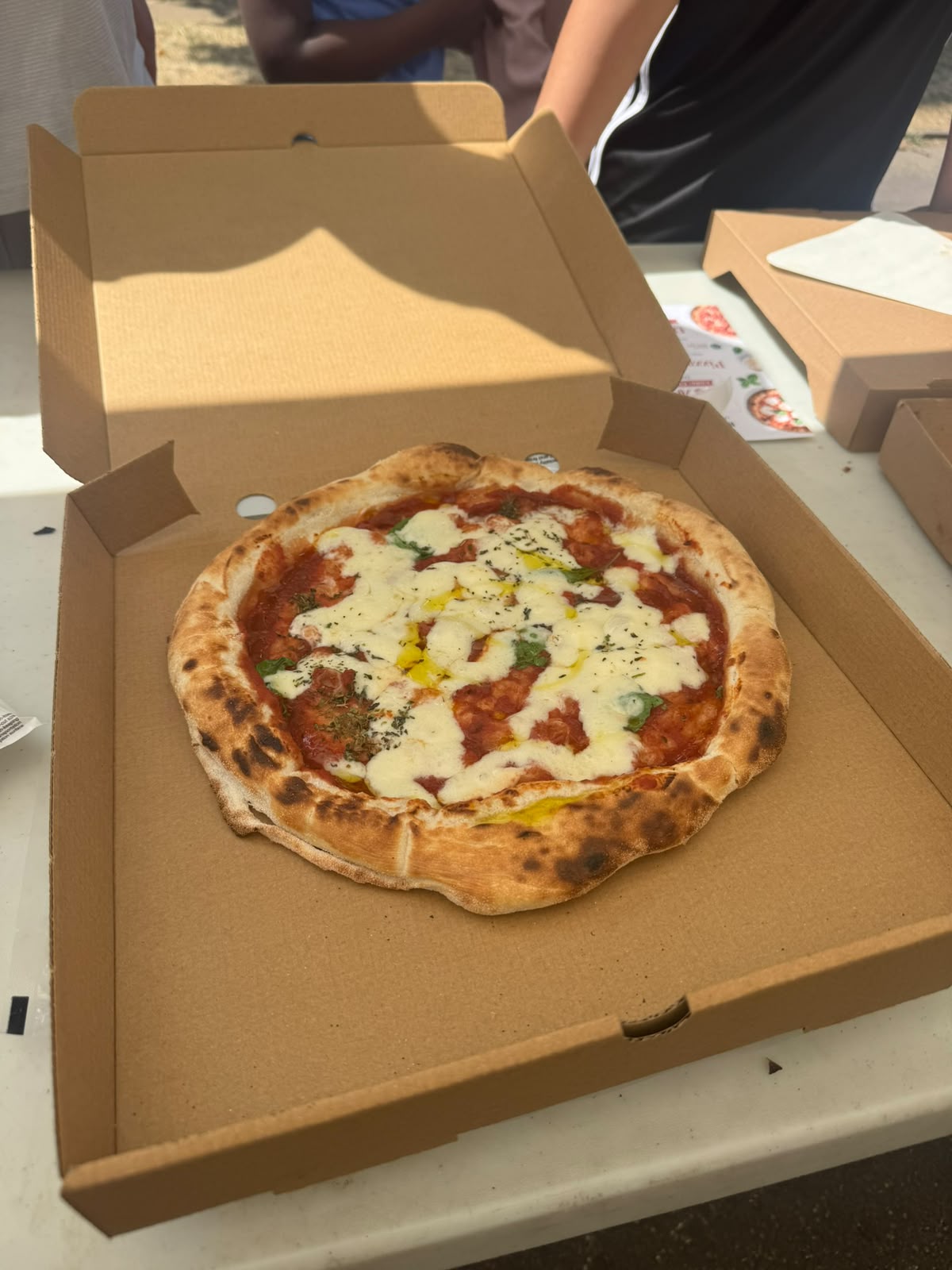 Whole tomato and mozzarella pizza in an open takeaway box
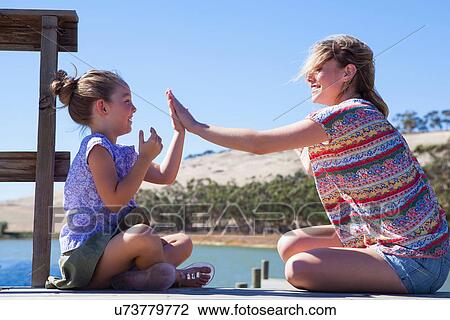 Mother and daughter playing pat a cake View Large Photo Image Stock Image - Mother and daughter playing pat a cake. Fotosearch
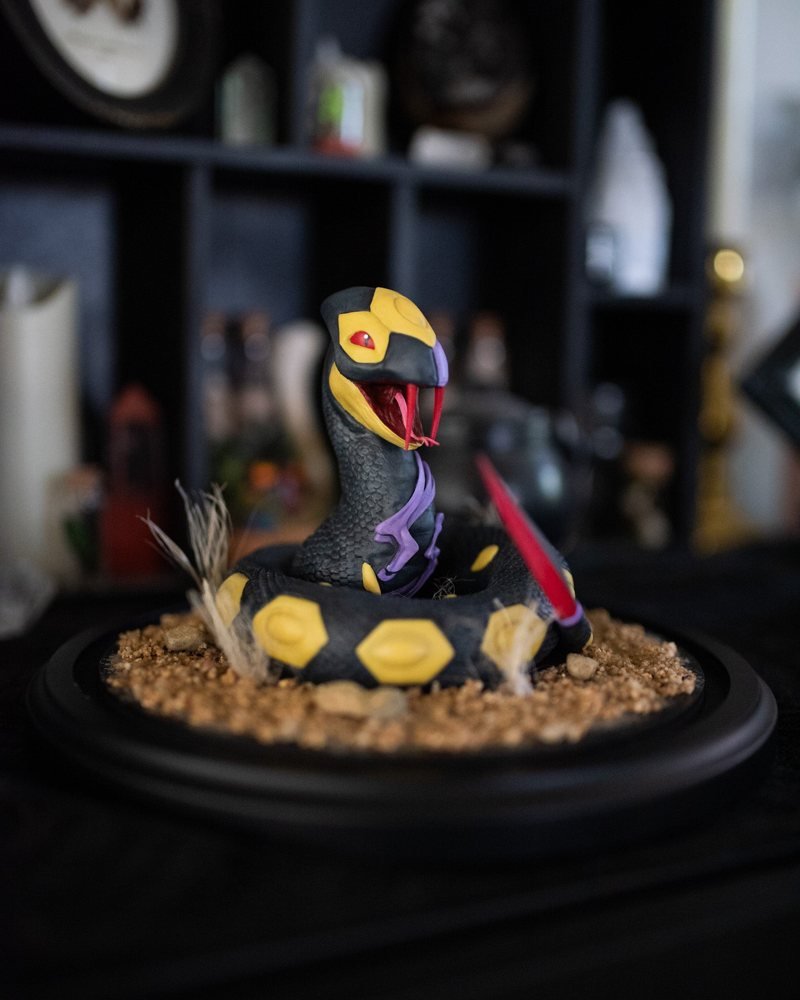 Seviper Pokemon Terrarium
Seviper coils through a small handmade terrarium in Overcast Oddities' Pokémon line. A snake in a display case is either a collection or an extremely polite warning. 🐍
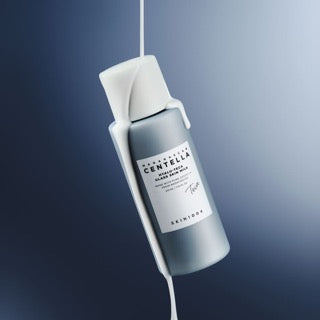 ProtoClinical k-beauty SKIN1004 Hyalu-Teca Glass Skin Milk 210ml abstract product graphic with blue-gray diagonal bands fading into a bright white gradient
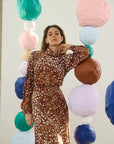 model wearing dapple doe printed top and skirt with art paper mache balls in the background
● ● ● ● ●
= Task brief =
Set down only the lines running from the line with "Mother and daughter playing pat a cake View" to the end of the entries, inclusive; omit every picture.

= Output =
 Mother and daughter playing pat a cake View Large Photo Image Stock Image - Mother and daughter playing pat a cake. Fotosearch
 Seviper Pokemon Terrarium
Seviper coils through a small handmade terrarium in Overcast Oddities' Pokémon line. A snake in a display case is either a collection or an extremely polite warning. 🐍
 ProtoClinical k-beauty SKIN1004 Hyalu-Teca Glass Skin Milk 210ml abstract product graphic with blue-gray diagonal bands fading into a bright white gradient
 model wearing dapple doe printed top and skirt with art paper mache balls in the background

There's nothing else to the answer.